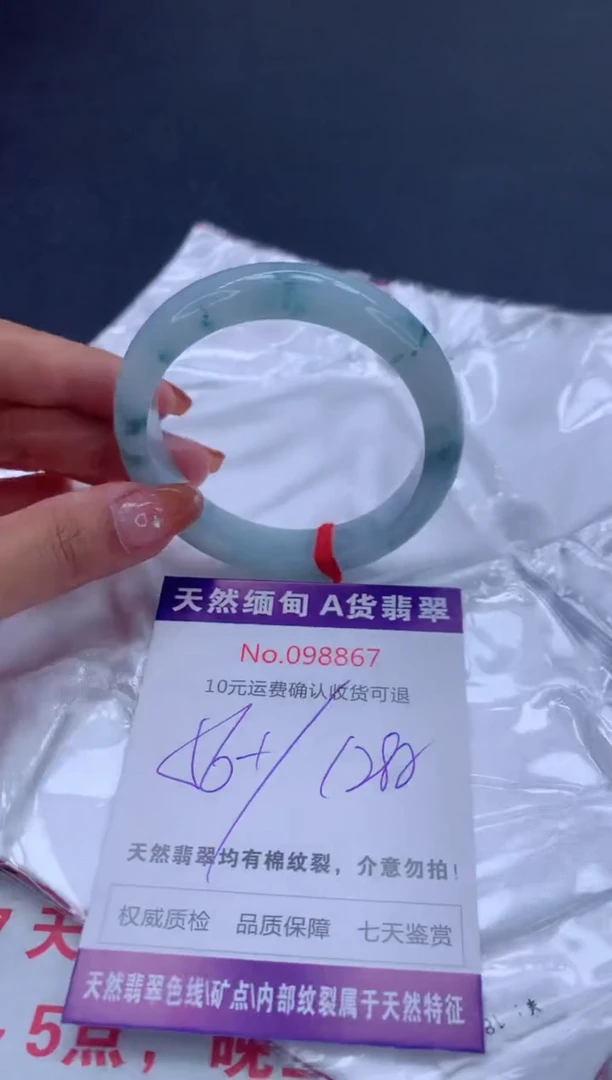未镶嵌手镯翡翠天然缅甸A货翡翠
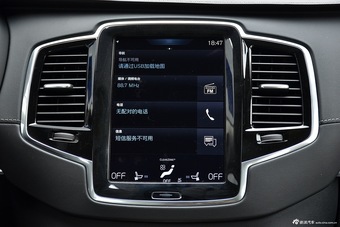 2016款沃尔沃XC90升级版 2.0T自动 T6智尊版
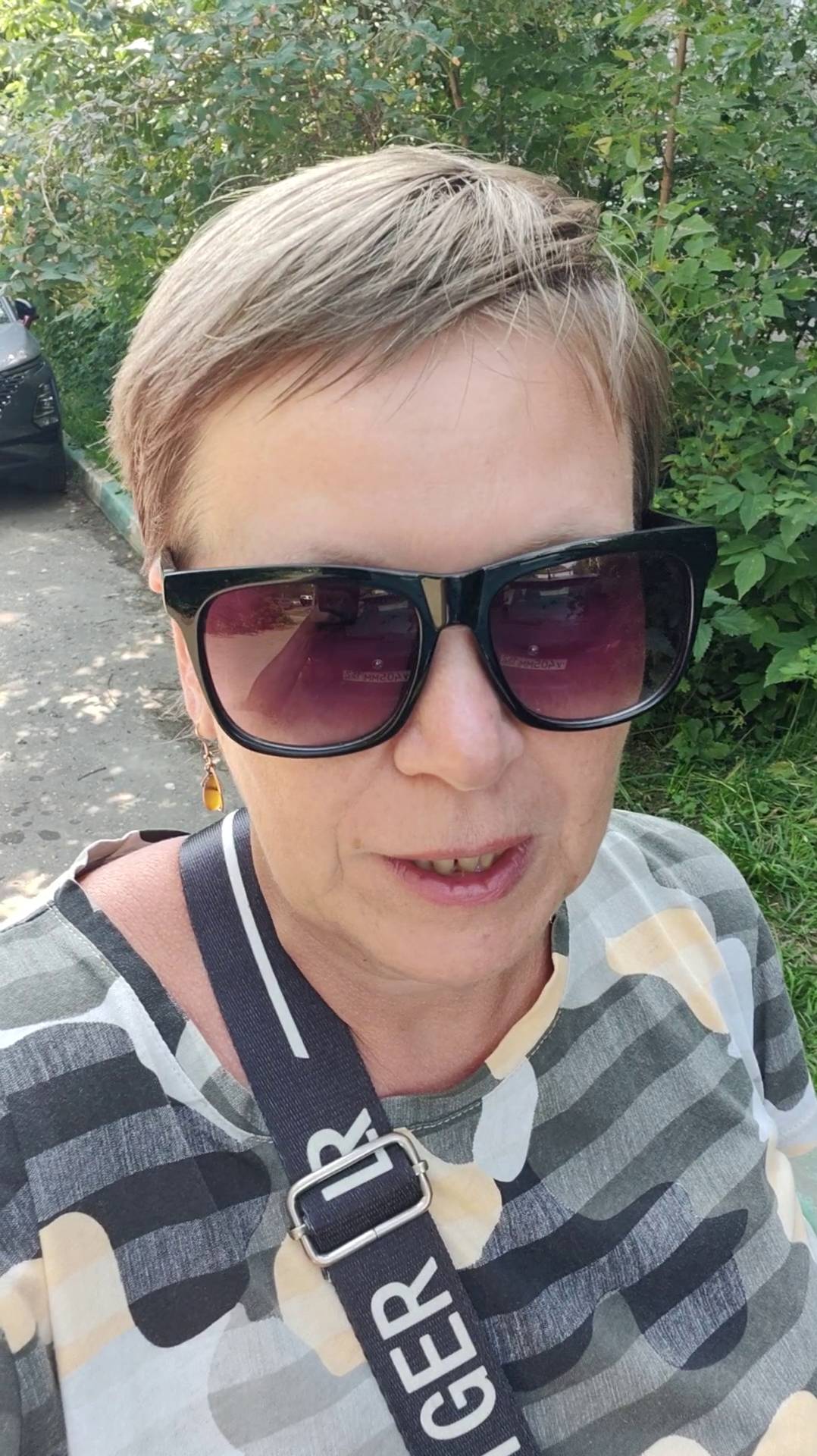Мой День 08.07.25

Task requirements
In repeating the lines above, keep the wording exact and leave every picture out.

Response to this task
未镶嵌手镯翡翠天然缅甸A货翡翠
 2016款沃尔沃XC90升级版 2.0T自动 T6智尊版
Мой День 08.07.25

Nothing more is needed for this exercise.